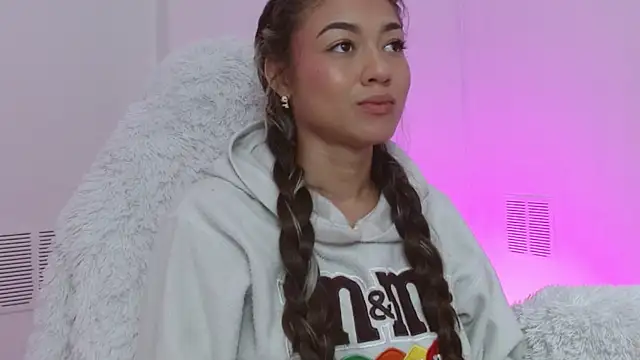 Snapshot of hantonella_ chatting on 11-06-25, 01:26 hantonella online show from 11-06-25, 01:26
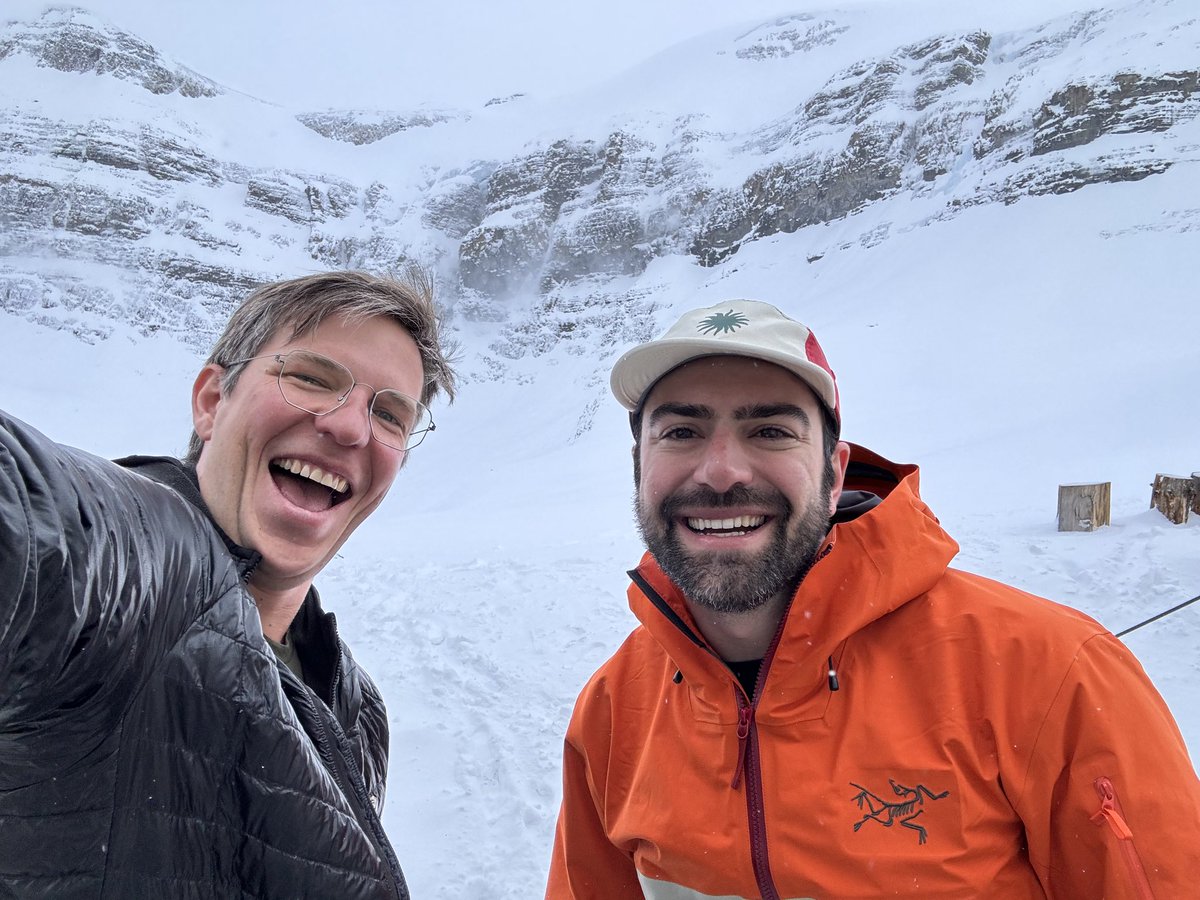 ALSO: in an absolutely insane coincidence, I randomly bumped into @gregthegreek in the Bow Hut. This is a hut for ~25 people on the toe of the Wapta ice fields where you melt snow for water. You can’t make this up. Next time we’re inviting @PrimordialAA!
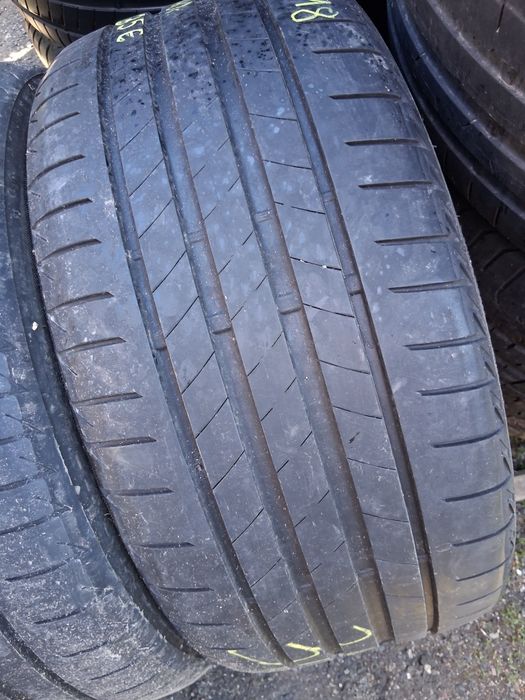 255 40 18 Bridgestone  2бр летни дот 2021г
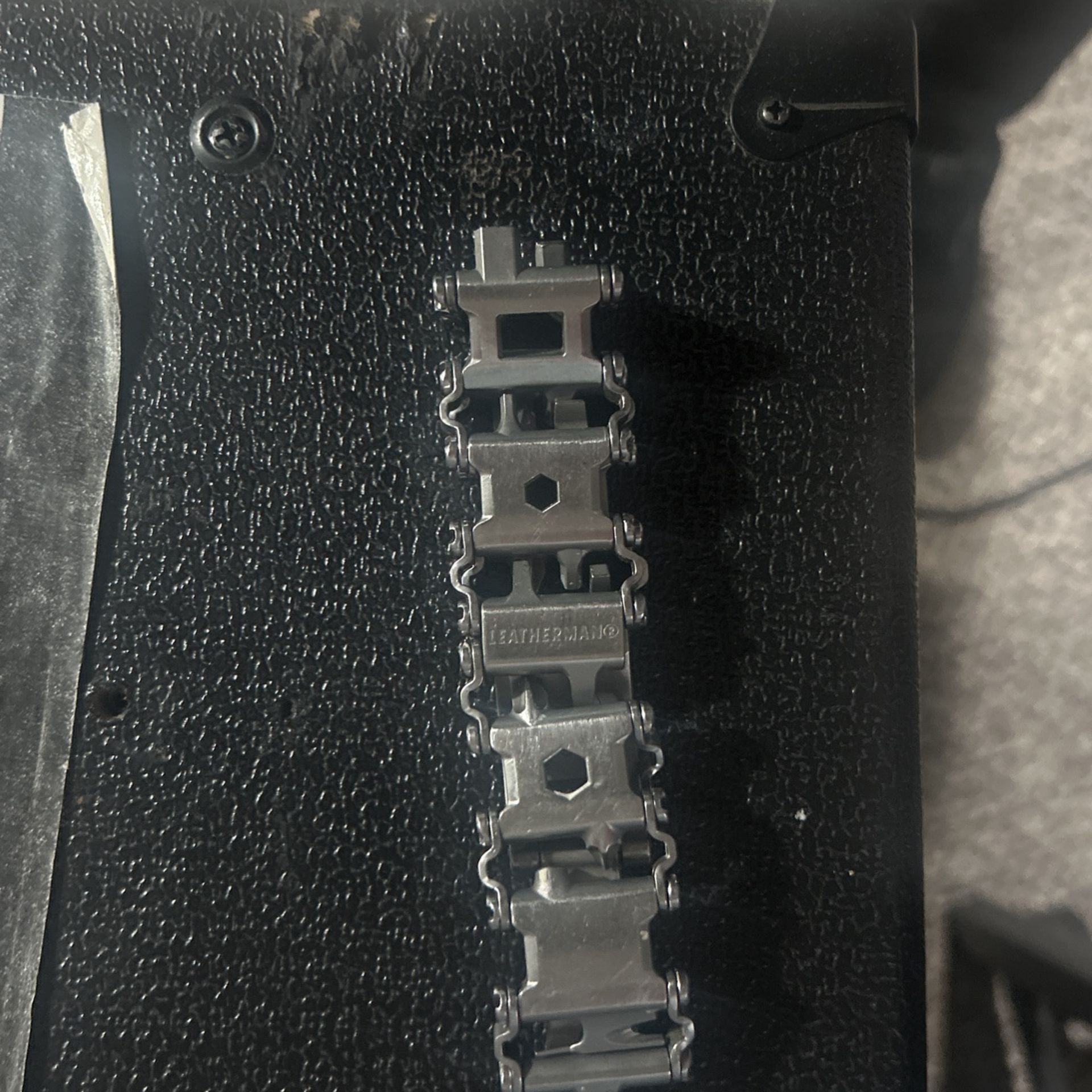 Leatherman Tread bracelet multi tool, missing one screw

□ □ □ □

▶ **What needs to be done**: Leave out the pictures and set down all of the data exactly.

▶ **Finished exercise**:
 Snapshot of hantonella_ chatting on 11-06-25, 01:26 hantonella online show from 11-06-25, 01:26
 ALSO: in an absolutely insane coincidence, I randomly bumped into @gregthegreek in the Bow Hut. This is a hut for ~25 people on the toe of the Wapta ice fields where you melt snow for water. You can’t make this up. Next time we’re inviting @PrimordialAA!
 255 40 18 Bridgestone  2бр летни дот 2021г
 Leatherman Tread bracelet multi tool, missing one screw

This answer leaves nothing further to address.